Decades of space vehicle investments are helping to support new satellite programmes which are both government-sponsored and privately funded, while commercial organisations and individuals are taking satellite technology and applications in a variety of directions.
These private endeavours are adding even more excitement to space exploration as some now have profit-based dimensions, while others are helping individuals achieve personal success goals.
Components for new satellite systems are frequently taken from devices that have already been tested and are made from the same materials and underwent the same processing.
This drastically reduces the period till launch and almost negates the chances of failures. In order to improve the quality and speed of digital signal processing, storage, and retrieval, a newer complementary metal–oxide–semiconductor (CMOS) technology has been developed.
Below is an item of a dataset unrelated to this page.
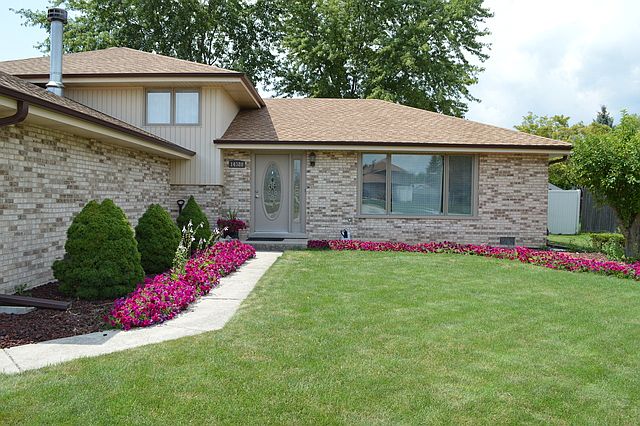 1st image of 14380 Pinewood Dr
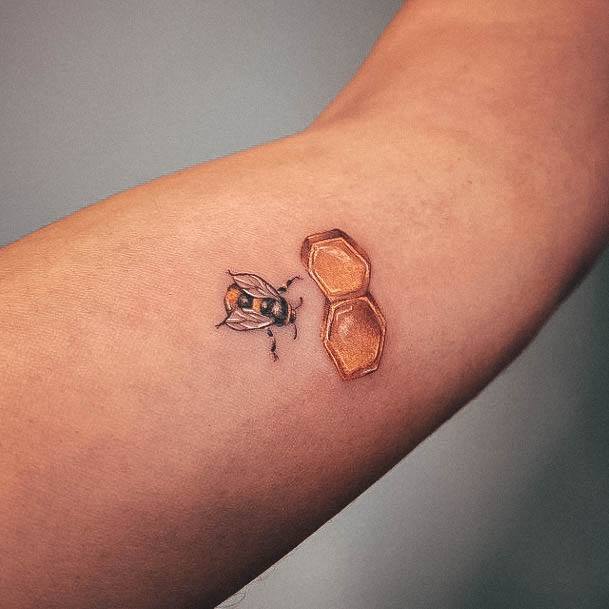 Cool Cool Small Tattoos For Women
The rules for current satellites have had to be rewritten by the move away from analogue processing. Newer chips have higher digital signal rates that can reach gigabit/second levels while requiring lower voltages and less current flow. There is also a reduction in the mass of the power supply, the processor boards, the cables, and the connectors.
Analogue to digital
Early satellites had big, heavy connectors. As they evolved, they began to reduce in size and, increasingly, micro-sized connectors and cables routing signals on 26-gauge wires in place of the more traditional D-sub connectors with pin spacing of 100mils were being used. More interconnections now use Nano-D connectors, which are 20% of the size and weight of earlier systems and use a pin-to-pin spacing of 25mils.
The reduction in mass and weight goes even further than that. The number and density of circuits made accessible to the satellite designer by choosing nano-connectors with 30-gauge wiring enable many more architectural functions to be accommodated within a single spacecraft. This dramatically raises the value and payback.
Satellites are rapidly adopting more electronic architecture, features, and services as a result of the digital revolution. Multifunctional modules with electronic flexibility that boost the contributions of each satellite deployed by combining features of older subsystems can be created.
To manage and route interconnected signals from higher-speed switching fabrics and quadruple the functional capacity of previously single-purpose elements, more onboard bus systems are being investigated.
Enter hybrid connectors
Mass and weight are greatly reduced by cramming numerous high-density processing boards that operate on their own backplanes. By working with VPX (a set of standards for connecting components in a computer) providers, satellite designers can greatly increase the effectiveness of their devices.
Utilising previously tested connector components, hybrid connector designs can quickly adapt to changing pin counts and power supply requirements.
Many businesses have circular and rectangular connection shells on hand or have them mechanically produced when needed.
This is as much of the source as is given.